SOURCE INFORMATION section start

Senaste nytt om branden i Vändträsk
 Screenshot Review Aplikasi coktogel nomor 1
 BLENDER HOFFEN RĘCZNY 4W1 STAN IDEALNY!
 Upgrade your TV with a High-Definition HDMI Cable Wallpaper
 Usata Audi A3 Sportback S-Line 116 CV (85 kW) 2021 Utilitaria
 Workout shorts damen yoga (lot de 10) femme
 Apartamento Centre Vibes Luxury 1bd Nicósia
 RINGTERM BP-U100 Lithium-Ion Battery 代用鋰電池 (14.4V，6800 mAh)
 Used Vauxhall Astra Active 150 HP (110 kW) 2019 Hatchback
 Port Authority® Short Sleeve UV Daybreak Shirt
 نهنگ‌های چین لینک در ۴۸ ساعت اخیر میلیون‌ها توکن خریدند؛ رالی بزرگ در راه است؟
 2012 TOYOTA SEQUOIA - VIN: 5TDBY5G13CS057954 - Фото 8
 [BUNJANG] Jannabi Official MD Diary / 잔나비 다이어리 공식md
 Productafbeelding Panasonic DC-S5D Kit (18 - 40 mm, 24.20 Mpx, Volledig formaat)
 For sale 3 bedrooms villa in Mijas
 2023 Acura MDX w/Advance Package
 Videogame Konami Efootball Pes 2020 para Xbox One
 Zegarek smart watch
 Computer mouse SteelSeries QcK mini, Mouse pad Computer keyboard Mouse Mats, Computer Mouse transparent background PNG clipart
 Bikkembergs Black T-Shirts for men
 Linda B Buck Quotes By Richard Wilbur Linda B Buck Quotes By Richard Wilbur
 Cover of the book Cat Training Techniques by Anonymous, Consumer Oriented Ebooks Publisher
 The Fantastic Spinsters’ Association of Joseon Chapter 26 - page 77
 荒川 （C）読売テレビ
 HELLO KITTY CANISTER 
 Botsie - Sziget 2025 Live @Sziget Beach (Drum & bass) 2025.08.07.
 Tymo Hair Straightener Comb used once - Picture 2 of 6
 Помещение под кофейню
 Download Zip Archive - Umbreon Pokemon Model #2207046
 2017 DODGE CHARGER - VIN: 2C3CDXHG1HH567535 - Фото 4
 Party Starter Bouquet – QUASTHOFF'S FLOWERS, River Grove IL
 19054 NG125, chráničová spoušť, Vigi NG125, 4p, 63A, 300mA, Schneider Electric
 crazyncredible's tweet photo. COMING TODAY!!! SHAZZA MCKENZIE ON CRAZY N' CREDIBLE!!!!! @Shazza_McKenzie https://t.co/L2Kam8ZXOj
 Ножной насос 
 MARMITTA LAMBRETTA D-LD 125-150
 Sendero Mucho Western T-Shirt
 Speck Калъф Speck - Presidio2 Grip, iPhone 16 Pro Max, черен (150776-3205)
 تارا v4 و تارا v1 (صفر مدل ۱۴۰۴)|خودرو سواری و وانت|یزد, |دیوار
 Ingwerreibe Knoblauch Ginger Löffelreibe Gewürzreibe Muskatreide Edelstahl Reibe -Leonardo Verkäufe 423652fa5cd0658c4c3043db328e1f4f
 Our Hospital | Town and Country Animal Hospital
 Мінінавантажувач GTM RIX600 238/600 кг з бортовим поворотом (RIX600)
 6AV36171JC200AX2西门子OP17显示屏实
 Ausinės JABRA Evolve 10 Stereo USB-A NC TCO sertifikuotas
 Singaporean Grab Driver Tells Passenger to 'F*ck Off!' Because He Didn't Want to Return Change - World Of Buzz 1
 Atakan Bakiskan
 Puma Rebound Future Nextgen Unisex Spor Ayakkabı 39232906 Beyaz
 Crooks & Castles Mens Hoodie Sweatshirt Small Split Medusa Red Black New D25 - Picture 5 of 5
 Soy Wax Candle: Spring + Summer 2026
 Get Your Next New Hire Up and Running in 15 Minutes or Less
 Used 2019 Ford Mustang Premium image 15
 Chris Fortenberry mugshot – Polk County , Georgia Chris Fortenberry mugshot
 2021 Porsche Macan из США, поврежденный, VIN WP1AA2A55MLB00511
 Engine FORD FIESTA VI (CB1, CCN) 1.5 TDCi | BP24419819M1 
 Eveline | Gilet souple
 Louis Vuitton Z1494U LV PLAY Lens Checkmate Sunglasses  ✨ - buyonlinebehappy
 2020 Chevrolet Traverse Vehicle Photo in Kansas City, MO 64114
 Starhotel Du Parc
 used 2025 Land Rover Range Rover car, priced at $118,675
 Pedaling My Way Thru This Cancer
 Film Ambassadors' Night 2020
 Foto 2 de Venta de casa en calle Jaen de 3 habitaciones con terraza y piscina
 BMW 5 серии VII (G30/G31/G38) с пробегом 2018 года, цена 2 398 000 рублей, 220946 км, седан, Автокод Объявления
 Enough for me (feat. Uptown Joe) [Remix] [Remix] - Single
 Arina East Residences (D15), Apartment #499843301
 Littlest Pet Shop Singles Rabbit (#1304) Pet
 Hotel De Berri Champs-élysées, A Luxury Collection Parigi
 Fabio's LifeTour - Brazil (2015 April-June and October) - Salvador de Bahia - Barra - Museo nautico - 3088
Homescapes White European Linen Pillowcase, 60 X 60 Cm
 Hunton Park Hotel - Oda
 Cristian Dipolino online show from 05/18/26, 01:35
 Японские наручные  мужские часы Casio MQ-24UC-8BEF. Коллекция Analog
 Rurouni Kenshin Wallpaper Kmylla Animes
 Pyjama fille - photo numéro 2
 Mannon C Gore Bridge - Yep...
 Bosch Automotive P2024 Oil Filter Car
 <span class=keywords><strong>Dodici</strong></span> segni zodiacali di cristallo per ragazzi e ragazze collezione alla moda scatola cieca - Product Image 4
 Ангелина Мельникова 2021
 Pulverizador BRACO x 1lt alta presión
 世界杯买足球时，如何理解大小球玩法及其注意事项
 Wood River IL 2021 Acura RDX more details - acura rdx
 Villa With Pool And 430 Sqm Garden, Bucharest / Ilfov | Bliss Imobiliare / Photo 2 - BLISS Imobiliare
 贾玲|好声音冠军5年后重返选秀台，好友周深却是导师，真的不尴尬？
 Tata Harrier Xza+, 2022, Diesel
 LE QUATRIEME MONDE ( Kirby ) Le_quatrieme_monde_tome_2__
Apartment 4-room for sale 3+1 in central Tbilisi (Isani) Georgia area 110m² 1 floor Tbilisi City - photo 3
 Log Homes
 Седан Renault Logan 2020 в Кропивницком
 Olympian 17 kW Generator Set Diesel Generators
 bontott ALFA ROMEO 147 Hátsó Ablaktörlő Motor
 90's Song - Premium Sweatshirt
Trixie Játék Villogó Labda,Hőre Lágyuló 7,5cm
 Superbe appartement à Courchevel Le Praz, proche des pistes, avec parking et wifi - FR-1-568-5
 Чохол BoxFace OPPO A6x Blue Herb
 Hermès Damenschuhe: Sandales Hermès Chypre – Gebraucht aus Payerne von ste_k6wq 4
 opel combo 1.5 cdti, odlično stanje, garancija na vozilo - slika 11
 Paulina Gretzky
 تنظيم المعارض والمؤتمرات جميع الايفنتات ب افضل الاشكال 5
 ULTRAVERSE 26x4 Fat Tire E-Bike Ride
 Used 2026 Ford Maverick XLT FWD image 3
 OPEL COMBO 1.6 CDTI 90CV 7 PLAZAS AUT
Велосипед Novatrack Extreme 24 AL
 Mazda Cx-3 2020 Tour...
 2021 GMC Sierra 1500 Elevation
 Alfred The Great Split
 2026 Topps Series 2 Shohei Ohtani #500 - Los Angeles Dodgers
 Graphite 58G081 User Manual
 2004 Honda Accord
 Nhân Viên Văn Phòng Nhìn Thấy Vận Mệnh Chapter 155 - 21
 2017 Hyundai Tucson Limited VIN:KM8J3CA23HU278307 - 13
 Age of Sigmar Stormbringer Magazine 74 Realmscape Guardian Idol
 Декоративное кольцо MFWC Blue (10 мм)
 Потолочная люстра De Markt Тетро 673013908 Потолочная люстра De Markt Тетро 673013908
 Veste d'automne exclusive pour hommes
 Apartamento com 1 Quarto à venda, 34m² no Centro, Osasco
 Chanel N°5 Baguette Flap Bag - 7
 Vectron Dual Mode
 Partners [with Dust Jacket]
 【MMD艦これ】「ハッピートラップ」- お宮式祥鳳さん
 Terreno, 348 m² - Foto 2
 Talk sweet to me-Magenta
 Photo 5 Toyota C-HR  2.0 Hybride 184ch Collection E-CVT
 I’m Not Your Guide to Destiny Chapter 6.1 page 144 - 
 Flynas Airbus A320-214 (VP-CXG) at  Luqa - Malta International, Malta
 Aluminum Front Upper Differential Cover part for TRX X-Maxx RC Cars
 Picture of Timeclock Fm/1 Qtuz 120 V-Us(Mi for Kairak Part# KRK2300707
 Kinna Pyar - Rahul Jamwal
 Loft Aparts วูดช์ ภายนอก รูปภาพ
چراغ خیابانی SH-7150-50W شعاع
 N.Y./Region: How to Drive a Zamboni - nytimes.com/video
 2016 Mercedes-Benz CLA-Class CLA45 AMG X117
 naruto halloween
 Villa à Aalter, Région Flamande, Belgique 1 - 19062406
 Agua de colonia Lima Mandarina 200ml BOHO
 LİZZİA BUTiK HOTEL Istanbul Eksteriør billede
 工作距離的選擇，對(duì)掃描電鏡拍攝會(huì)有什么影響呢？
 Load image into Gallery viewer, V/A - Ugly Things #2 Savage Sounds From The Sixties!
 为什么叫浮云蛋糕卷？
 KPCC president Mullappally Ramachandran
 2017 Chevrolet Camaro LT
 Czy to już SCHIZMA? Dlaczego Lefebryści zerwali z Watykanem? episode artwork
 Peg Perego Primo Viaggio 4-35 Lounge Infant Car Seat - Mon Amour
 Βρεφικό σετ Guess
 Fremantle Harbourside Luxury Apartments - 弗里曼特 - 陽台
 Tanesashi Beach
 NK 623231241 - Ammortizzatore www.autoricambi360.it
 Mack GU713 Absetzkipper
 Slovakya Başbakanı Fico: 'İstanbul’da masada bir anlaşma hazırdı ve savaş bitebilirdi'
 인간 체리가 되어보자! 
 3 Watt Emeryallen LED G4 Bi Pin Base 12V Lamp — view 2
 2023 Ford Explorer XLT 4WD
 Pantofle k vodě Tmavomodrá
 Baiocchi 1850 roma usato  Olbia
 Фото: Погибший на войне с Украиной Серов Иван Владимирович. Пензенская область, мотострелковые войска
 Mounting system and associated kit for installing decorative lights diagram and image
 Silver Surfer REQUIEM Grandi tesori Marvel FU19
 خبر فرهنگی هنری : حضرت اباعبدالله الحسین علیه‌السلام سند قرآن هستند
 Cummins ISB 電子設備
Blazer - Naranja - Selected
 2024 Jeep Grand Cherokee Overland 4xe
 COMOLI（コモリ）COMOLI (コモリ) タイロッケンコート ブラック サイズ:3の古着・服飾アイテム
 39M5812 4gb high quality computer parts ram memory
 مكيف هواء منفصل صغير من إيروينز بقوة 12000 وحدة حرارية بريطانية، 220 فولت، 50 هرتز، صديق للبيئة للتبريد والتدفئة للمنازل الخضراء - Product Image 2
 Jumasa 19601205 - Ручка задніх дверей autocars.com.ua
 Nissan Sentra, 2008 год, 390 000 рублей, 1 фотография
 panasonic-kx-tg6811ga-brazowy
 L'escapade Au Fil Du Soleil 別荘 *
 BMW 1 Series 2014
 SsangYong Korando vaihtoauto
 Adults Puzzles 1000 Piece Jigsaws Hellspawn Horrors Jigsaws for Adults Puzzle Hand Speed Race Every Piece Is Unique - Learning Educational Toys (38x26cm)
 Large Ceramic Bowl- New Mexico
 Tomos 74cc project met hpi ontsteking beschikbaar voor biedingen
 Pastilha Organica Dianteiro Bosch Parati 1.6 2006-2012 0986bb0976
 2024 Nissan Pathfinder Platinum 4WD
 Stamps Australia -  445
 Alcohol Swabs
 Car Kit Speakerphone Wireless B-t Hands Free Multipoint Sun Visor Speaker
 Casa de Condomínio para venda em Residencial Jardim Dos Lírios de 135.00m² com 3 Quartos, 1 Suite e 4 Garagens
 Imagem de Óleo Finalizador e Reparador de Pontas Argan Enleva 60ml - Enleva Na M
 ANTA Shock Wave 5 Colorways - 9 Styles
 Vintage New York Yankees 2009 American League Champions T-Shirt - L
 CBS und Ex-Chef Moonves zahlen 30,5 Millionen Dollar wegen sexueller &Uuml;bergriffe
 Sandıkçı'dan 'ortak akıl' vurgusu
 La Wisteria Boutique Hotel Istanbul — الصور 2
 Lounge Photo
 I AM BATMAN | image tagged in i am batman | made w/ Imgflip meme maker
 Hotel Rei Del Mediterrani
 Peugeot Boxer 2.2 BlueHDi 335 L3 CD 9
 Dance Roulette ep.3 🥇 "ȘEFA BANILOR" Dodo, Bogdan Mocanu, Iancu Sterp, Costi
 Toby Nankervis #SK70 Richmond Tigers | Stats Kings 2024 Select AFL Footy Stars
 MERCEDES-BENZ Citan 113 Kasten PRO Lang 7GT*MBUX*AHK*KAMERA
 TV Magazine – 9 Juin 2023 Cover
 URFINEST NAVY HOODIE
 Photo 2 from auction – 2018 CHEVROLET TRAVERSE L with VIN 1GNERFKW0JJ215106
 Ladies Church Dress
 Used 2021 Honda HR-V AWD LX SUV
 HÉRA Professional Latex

SOURCE INFORMATION section end

▶ [TASK DIRECTIONS]:
Give only the lines from the one holding "RINGTERM BP-U100 Lithium-Ion" through the one holding "نهنگ‌های چین لینک", each restated exactly as it appears above.

▶ [REPLY TO THE TASK]:
 RINGTERM BP-U100 Lithium-Ion Battery 代用鋰電池 (14.4V，6800 mAh)
 Used Vauxhall Astra Active 150 HP (110 kW) 2019 Hatchback
 Port Authority® Short Sleeve UV Daybreak Shirt
 نهنگ‌های چین لینک در ۴۸ ساعت اخیر میلیون‌ها توکن خریدند؛ رالی بزرگ در راه است؟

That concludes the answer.